Behr: Mittlerweile spielt es tatsächlich eine Rolle, weil die Kritik doch sehr umfassend geworden ist. Und das prallt an der Polizei nicht ab.
Ich würde in diesem Anwendungsfall Messer im Spiel sogar aus meiner Erfahrung sagen, dass hier rassistische Motive nicht handlungsleitend sind. In vielen anderen Fällen schon. Bei Kontrollen zum Beispiel kann man das durchaus unterstellen. Und es sind keine Einzelfälle. Das ist schon relativ weitverbreitet.
Aber ob aus rassistischen Haltungen auch diskriminierende Handlungen werden, ist immer noch eine andere Frage. Jetzt konkret im Anwendungsfall Messer oder Angriff auf Polizeibeamte spielt die Hautfarbe nach meiner Erfahrung keine Rolle, sondern die Gefahr durch den Angriffsgegenstand.
tageschau24: Und wenn wir das Messer mal weglassen?
Behr: Es kann durchaus sein, dass unterschiedliche Behandlungen stattfinden. Ich sagte bereits, dass wir durchaus wissen, dass diskriminierende Kontrolltätigkeiten der Polizisten stattfinden. Und hier spielen tatsächlich auch rassistische oder rassifizierende Haltungen eine Rolle.
Wir wissen allerdings nicht, in welchem Umfang. Und hier helfen auch keine Online-Umfragen oder Aussagen von Gewerkschaftsfunktionären weiter. Wir wissen es einfach nicht, wann rassistische Haltungen aktiviert werden.
"Die Not der Polizisten thematisiert"
tagesschau24: Wäre es nicht Zeit, das herauszufinden?
Behr: Ja, das wäre es. Aber wir haben aus der Vergangenheit gelernt, dass alle Anfragen für Untersuchungen und Forschungen, die genau diesen Punkt thematisieren, radikal und kategorisch abgewehrt werden. Es wird dann immer umgelenkt auf Belastungen der Polizeibeamten.

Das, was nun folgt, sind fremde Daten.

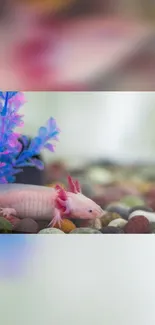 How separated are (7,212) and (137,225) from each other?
1.13 ft

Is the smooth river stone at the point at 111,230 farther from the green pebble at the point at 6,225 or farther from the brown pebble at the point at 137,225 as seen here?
the green pebble at the point at 6,225

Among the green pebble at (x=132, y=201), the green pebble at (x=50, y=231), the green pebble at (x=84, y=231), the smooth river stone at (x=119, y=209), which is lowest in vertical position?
the green pebble at (x=50, y=231)

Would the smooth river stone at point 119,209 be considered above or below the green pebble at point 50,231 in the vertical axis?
above

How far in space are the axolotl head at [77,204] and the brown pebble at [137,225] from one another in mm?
78

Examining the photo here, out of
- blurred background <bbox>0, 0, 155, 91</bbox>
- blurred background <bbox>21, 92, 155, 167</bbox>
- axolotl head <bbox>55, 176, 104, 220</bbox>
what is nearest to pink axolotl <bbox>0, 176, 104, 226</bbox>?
axolotl head <bbox>55, 176, 104, 220</bbox>

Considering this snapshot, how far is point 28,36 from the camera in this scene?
3.66ft

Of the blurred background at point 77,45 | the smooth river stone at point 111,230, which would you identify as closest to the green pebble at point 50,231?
the smooth river stone at point 111,230

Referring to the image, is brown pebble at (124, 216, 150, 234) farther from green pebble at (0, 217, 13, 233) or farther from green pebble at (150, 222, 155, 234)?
green pebble at (0, 217, 13, 233)

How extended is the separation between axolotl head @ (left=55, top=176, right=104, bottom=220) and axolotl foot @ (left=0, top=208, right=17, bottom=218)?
0.12 meters

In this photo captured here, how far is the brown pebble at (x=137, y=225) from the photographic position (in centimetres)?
111

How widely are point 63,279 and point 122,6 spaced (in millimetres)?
732

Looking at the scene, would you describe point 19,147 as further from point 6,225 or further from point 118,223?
point 118,223

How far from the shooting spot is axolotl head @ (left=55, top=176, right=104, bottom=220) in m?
1.11

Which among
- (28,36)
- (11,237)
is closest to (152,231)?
(11,237) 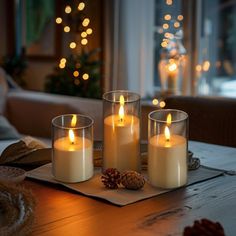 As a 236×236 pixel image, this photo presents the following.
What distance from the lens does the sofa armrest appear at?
10.5 ft

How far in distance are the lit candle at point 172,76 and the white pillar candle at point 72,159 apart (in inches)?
96.4

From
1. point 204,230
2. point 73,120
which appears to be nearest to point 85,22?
point 73,120

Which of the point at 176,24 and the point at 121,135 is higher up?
the point at 176,24

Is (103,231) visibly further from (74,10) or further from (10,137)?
(74,10)

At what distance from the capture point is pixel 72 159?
1.35m

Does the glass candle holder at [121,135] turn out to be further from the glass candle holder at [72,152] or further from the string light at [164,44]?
the string light at [164,44]

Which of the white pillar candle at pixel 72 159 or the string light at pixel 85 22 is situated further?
the string light at pixel 85 22

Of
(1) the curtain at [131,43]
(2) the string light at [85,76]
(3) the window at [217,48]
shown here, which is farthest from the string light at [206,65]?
(2) the string light at [85,76]

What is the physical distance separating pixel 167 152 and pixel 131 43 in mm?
2788

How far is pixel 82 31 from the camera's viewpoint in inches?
166

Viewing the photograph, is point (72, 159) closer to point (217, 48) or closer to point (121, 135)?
point (121, 135)

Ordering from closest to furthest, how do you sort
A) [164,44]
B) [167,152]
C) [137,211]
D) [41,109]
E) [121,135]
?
[137,211] < [167,152] < [121,135] < [41,109] < [164,44]

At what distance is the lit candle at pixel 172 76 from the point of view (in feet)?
12.3

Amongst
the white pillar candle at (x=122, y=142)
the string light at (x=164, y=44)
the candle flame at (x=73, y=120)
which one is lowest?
the white pillar candle at (x=122, y=142) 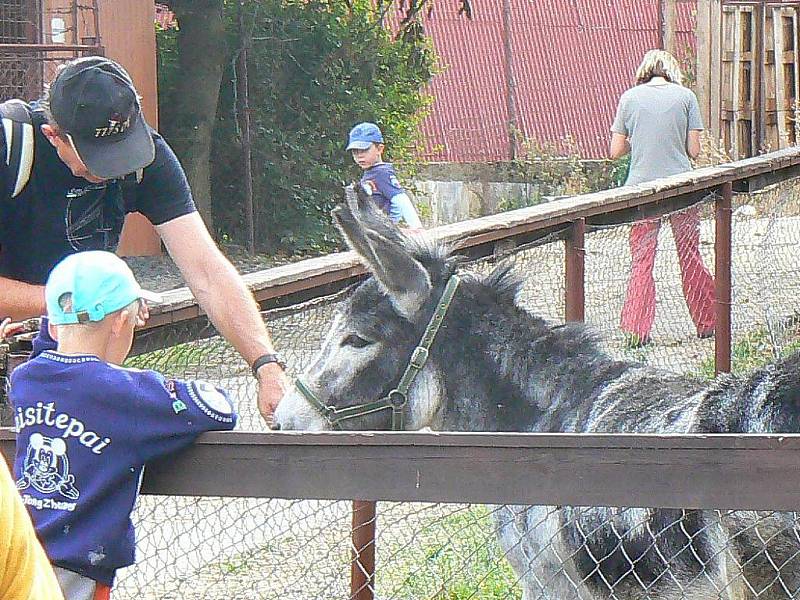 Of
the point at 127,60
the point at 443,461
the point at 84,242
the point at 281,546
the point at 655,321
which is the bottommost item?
the point at 281,546

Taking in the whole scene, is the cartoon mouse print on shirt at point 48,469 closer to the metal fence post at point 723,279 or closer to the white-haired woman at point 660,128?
the metal fence post at point 723,279

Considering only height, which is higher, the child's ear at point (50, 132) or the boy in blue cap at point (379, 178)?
the child's ear at point (50, 132)

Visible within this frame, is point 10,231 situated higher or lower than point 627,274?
higher

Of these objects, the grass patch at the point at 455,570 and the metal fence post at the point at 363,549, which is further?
the grass patch at the point at 455,570

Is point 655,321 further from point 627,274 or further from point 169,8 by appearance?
point 169,8

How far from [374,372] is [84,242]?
1.01 meters

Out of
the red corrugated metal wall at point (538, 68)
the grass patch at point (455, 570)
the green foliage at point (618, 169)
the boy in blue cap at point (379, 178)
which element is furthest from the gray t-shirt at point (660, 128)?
the red corrugated metal wall at point (538, 68)

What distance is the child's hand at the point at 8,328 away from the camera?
3.36 m

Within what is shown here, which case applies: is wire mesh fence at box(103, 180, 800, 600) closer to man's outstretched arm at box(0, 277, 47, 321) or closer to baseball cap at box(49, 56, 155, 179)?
man's outstretched arm at box(0, 277, 47, 321)

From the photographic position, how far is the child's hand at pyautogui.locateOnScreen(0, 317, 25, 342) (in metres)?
3.36

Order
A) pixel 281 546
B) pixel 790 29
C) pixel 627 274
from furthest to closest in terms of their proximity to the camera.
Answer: pixel 790 29, pixel 627 274, pixel 281 546

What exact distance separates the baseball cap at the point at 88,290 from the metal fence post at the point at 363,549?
137 centimetres

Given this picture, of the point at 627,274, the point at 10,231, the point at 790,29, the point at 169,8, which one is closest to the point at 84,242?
the point at 10,231

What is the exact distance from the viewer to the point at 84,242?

Das haben wir bei der letzten großen bundesweiten Studie gemerkt, dass man hier einfach eine Aspektumkehr vornimmt und die Not der Polizisten thematisiert. Und nicht die Not der Bürger, die von Polizisten diskriminierend behandelt werden.
"Nicht aufbegehren und Kritik aufsparen"
tagesschau24: Was raten Sie denn jungen Männern, zum Beispiel mit dunkler Hautfarbe oder die als fremd wahrgenommen werden, die in eine Polizeikontrolle geraten - müssen die vorsichtiger sein als Weiße in ihrem Alter? Und ich meine das jetzt wirklich realistisch betrachtet. Wir haben ja über die Studien gesprochen.
Behr: Tatsächlich müssen sie vorsichtig in ihrem Emotionsmanagement sein, weil sie natürlich merken, dass sie öfter als andere kontrolliert werden. Das sagen im Übrigen auch Polizisten mit Migrationsgeschichte in der Polizei. Dass sie in ihrer Freizeit oder bevor sie bei der Polizei waren öfter kontrolliert werden und anders behandelt werden als andere.
Hier kann man nur raten, sehr schnell eine konsensuelle Verständigung herzustellen, also nicht aufzubegehren und sich die Kritik aufzusparen für die Zeit, in der es dann nicht zu einer unmittelbaren Konfrontation kommt. Denn sehr schnell ist man in solchen Kontrollsituationen des Widerstands beklagt und dann hat man die schlechteren Karten.
Das Gespräch führte Michail Paweletz. Es wurde für die schriftliche Version redigiert.